[Items from a dataset]
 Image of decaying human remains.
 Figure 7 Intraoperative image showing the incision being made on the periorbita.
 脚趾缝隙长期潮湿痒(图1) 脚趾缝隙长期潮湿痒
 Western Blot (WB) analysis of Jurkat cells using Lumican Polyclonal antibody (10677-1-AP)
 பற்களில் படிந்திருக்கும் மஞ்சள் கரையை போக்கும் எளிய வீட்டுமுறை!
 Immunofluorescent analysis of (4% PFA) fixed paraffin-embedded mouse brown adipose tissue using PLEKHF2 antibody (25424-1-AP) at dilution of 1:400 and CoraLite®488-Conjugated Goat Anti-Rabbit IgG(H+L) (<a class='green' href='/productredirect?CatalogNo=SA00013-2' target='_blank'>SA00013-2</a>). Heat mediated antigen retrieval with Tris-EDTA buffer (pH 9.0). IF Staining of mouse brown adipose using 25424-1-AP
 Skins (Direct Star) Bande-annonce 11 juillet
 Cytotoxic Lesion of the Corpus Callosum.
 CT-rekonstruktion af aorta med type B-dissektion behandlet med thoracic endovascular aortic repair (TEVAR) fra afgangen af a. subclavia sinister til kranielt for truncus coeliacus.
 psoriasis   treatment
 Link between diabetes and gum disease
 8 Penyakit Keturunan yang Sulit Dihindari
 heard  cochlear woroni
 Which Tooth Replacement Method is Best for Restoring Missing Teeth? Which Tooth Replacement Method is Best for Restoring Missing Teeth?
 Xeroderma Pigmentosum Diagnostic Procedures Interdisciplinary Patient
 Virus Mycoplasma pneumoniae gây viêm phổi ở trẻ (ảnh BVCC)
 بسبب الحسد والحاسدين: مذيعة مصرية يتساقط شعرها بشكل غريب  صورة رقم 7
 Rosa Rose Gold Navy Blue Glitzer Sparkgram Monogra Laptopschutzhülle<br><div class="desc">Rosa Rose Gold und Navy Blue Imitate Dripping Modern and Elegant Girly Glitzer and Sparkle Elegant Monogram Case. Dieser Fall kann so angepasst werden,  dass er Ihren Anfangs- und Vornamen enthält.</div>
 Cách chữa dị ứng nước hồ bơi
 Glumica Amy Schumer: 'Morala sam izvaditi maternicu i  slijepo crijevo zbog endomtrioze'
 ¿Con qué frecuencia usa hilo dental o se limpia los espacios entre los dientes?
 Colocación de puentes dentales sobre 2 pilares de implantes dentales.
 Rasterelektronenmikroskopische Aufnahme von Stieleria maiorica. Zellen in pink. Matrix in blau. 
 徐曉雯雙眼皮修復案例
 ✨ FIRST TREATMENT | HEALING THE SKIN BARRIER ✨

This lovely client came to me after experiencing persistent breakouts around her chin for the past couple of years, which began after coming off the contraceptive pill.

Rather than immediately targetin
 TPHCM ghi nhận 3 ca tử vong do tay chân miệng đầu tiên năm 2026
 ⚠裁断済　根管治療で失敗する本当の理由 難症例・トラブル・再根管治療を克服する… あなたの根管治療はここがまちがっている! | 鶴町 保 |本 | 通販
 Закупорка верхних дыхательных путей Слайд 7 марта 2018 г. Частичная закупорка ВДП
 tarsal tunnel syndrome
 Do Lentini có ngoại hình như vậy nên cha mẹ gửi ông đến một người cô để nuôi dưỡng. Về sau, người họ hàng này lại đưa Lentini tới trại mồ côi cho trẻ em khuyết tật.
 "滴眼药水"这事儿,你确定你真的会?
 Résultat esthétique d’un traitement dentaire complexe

**Required action:**
Each record above is to be given again without any change to its wording.

**Task solution:**
 Image of decaying human remains.
 Figure 7 Intraoperative image showing the incision being made on the periorbita.
 脚趾缝隙长期潮湿痒(图1) 脚趾缝隙长期潮湿痒
 Western Blot (WB) analysis of Jurkat cells using Lumican Polyclonal antibody (10677-1-AP)
 பற்களில் படிந்திருக்கும் மஞ்சள் கரையை போக்கும் எளிய வீட்டுமுறை!
 Immunofluorescent analysis of (4% PFA) fixed paraffin-embedded mouse brown adipose tissue using PLEKHF2 antibody (25424-1-AP) at dilution of 1:400 and CoraLite®488-Conjugated Goat Anti-Rabbit IgG(H+L) (<a class='green' href='/productredirect?CatalogNo=SA00013-2' target='_blank'>SA00013-2</a>). Heat mediated antigen retrieval with Tris-EDTA buffer (pH 9.0). IF Staining of mouse brown adipose using 25424-1-AP
 Skins (Direct Star) Bande-annonce 11 juillet
 Cytotoxic Lesion of the Corpus Callosum.
 CT-rekonstruktion af aorta med type B-dissektion behandlet med thoracic endovascular aortic repair (TEVAR) fra afgangen af a. subclavia sinister til kranielt for truncus coeliacus.
 psoriasis   treatment
 Link between diabetes and gum disease
 8 Penyakit Keturunan yang Sulit Dihindari
 heard  cochlear woroni
 Which Tooth Replacement Method is Best for Restoring Missing Teeth? Which Tooth Replacement Method is Best for Restoring Missing Teeth?
 Xeroderma Pigmentosum Diagnostic Procedures Interdisciplinary Patient
 Virus Mycoplasma pneumoniae gây viêm phổi ở trẻ (ảnh BVCC)
 بسبب الحسد والحاسدين: مذيعة مصرية يتساقط شعرها بشكل غريب  صورة رقم 7
 Rosa Rose Gold Navy Blue Glitzer Sparkgram Monogra Laptopschutzhülle<br><div class="desc">Rosa Rose Gold und Navy Blue Imitate Dripping Modern and Elegant Girly Glitzer and Sparkle Elegant Monogram Case. Dieser Fall kann so angepasst werden,  dass er Ihren Anfangs- und Vornamen enthält.</div>
 Cách chữa dị ứng nước hồ bơi
 Glumica Amy Schumer: 'Morala sam izvaditi maternicu i  slijepo crijevo zbog endomtrioze'
 ¿Con qué frecuencia usa hilo dental o se limpia los espacios entre los dientes?
 Colocación de puentes dentales sobre 2 pilares de implantes dentales.
 Rasterelektronenmikroskopische Aufnahme von Stieleria maiorica. Zellen in pink. Matrix in blau. 
 徐曉雯雙眼皮修復案例
 ✨ FIRST TREATMENT | HEALING THE SKIN BARRIER ✨

This lovely client came to me after experiencing persistent breakouts around her chin for the past couple of years, which began after coming off the contraceptive pill.

Rather than immediately targetin
 TPHCM ghi nhận 3 ca tử vong do tay chân miệng đầu tiên năm 2026
 ⚠裁断済　根管治療で失敗する本当の理由 難症例・トラブル・再根管治療を克服する… あなたの根管治療はここがまちがっている! | 鶴町 保 |本 | 通販
 Закупорка верхних дыхательных путей Слайд 7 марта 2018 г. Частичная закупорка ВДП
 tarsal tunnel syndrome
 Do Lentini có ngoại hình như vậy nên cha mẹ gửi ông đến một người cô để nuôi dưỡng. Về sau, người họ hàng này lại đưa Lentini tới trại mồ côi cho trẻ em khuyết tật.
 "滴眼药水"这事儿,你确定你真的会?
 Résultat esthétique d’un traitement dentaire complexe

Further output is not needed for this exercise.